Wednesday’s evacuation brings to 825 the number of refugees and migrants transferred further from clashes in four operations in the last two weeks, the agency added.
“The dangers for refugees and migrants in Tripoli have never been greater than they are at present,” said Matthew Brook, UNHCR’s deputy chief of mission in Libya.
We have evacuated 325 refugees from the Qaser Ben Gasheer detention centre in Tripoli.
It was triggered by reports of armed violence against detainees who were protesting the conditions at the centre. Gunshots were reported to have been fired in the air. https://t.co/WdZR2xL7aYpic.twitter.com/ucN4cHulQo
— UNHCR, the UN Refugee Agency (@Refugees) April 24, 2019
About 3,000 refugees and migrants remain trapped in detention centres in Tripoli, according to the UN, and remain at risk from the “deteriorating security situation” around the capital. Many of the detainees fled war and persecution in their home countries.
Hundreds killed, thousands of displaced
Tripoli’s southern outskirts have been engulfed by fighting since Haftar’s Libyan National Army (LNA) launched an offensive on April 4 aimed at wresting control of the capital from the GNA, which is supported by an array of local militias.
The showdown threatens to further destabilise war-wracked Libya, which splintered into a patchwork of rival power bases following the NATO-backed overthrow of former leader Muammar Gaddafi in 2011 and has been split into rival eastern and western administrations since 2014.

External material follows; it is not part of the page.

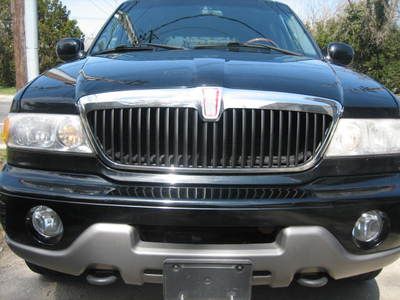 2000 lincoln navigator. no res. 3rd row. new tires. nice truck. bid on this baby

Both the LNA and GNA have repeatedly carried out air raids against one another and accuse each other’s forces of targeting civilians.

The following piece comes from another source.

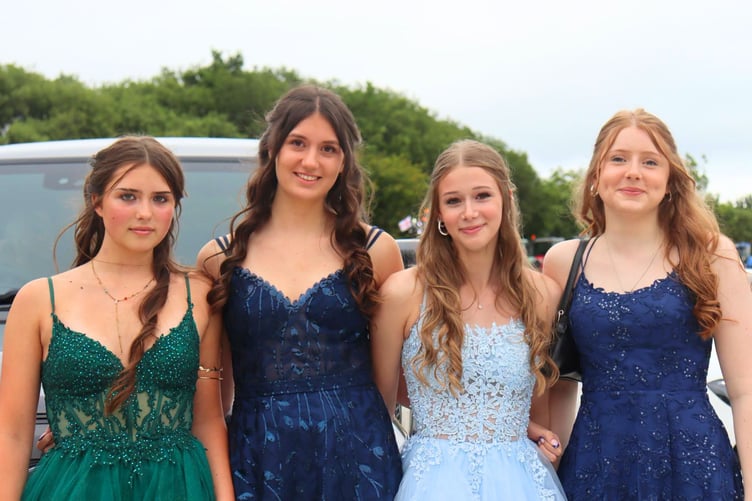 Girls in formal evening dresses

At least 272 have been killed and more than 1,200 others wounded since the LNA started its offensive earlier this month, according to the World Health Organization (WHO).

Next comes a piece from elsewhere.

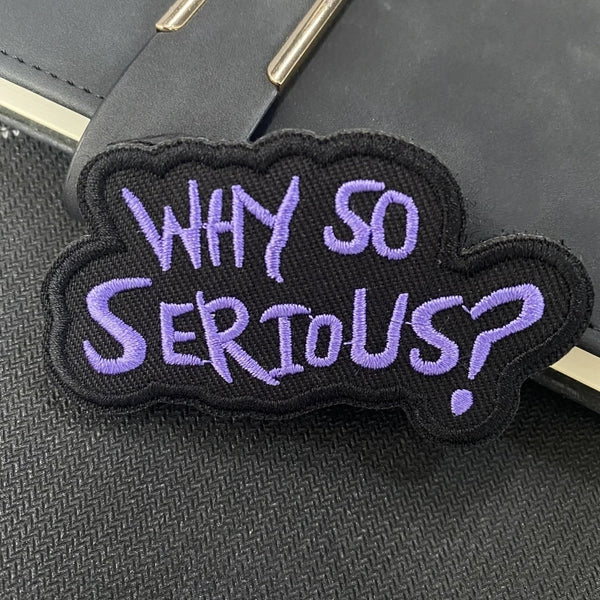 A black embroidered patch with purple text that reads Why So Serious?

#Tripoli toll is now 272 dead, 1282 wounded & more than 30 000 displaced. WHO & partners are working to make sure primary health care facilities have supplies & resources to serve displaced families. @OCHA_Libya
— World Health Organization in Libya (@WHOLIBYA) April 23, 2019
At least 36,000 people have been forced to flee their homes because of the conflict, the UN Office for the Coordination of Humanitarian Affairs (UNOCHA) said on Wednesday.
UN conference cancelled
The violence has forced the UN to abandon its plans for a conference aimed at brokering an agreement to hold elections as part of a solution to Libya’s long-running political crisis.
The meeting was scheduled to bring Haftar and GNA Prime Minister Fayez al-Serraj together in the country’s southwestern town of Ghadames from April 14 to 16.
Haftar, who casts himself as a foe of “extremism” but is viewed by opponents as a new authoritarian leader in the mould of Gaddafi, has vowed to continue his offensive until Libya is “cleansed” of “terrorism”.
Al-Sarraj said last week the international community needs to be “united and firm” in supporting him and warned some 800,000 migrants and refugees, as well as Libyan nationals, could flee across the Mediterranean to Europe’s shores if the instability in Libya continues.
The UN puts the number of people in Libya who have fled their homelands at more than 700,000.